Activiteitenaanbod inloophuizen uitbreiden

Studenten hebben ook de behoeftes van verschillende patiëntgroepen onder de loep genomen. Activiteiten die nu al aangeboden worden, zoals bewegen en creatief bezig zijn, zorgen voor het verminderen van stress en een betere fysieke gesteldheid, waardoor behandeling beter aanslaat. Maar het aanbod sluit nu niet aan bij wensen van alle patiëntgroepen. Mannen bezoeken inloophuizen bijvoorbeeld minder vaak dan vrouwen. Zij blijken andere behoeftes te hebben. Student Social Work Jorieke van der Zande: ‘Mannen met wie ik gesproken heb, gaven aan minder behoefte te hebben aan zorg en meer aan sporten, bewegen en ondersteuning bij financiën en het zoeken naar (vrijwiligers-)werk.’
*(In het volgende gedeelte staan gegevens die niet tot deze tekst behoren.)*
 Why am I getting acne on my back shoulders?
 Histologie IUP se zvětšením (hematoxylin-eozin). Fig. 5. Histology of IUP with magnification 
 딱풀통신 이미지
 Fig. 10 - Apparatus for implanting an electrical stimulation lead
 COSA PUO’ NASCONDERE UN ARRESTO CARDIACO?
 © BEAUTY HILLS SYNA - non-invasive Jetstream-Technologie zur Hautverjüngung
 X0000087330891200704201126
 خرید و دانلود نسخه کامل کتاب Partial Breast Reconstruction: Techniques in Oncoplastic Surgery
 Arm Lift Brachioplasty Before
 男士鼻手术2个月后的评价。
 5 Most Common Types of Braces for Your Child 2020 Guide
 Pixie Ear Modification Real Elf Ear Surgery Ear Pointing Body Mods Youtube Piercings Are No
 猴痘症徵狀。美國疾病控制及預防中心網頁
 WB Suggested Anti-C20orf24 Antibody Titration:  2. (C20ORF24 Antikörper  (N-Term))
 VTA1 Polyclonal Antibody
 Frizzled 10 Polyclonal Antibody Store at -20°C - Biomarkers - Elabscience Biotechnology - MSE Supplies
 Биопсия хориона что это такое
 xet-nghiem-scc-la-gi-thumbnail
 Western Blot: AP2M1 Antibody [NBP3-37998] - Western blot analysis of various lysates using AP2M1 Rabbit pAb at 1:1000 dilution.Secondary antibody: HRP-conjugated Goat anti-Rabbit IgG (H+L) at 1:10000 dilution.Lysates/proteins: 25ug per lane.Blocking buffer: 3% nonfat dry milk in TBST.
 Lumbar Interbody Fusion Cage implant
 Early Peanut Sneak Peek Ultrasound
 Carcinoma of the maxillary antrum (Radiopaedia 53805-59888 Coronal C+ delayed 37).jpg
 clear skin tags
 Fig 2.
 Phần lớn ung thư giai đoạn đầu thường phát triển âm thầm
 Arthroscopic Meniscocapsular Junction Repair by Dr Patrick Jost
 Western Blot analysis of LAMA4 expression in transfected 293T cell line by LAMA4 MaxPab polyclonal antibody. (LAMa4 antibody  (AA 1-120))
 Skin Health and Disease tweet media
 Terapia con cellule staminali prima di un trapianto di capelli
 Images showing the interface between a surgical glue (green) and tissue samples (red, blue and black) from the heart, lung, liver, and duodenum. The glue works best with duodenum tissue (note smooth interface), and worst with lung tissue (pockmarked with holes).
Ook jongvolwassen naasten en nabestaanden van kankerpatiënten komen weinig in inloophuizen. Uit onderzoek van Social Work student Emma Goevaerts blijkt dat zij de drempel om naar een inloophuis te gaan hoog vinden. Maar ze hebben wel behoefte aan een luisterend oor, wat ze niet altijd in hun omgeving vinden. Een online platform waar ze terecht kunnen, zou voor hen een oplossing zijn.

Fondsenwerving

Om de dienstverlening te kunnen uitbreiden, is het belangrijk om de financiële situatie van inloophuizen te verstevigen. Studenten Commerciële Economie onderzochten hoe inloophuizen structureel fondsen kunnen werven. Ze deden aanbevelingen voor het oprichten van een fonds en het opzetten van een sponsormoment.

Vervolgonderzoek

Vanaf september start een nieuwe groep studenten van verschillende opleidingen met vervolgonderzoeken.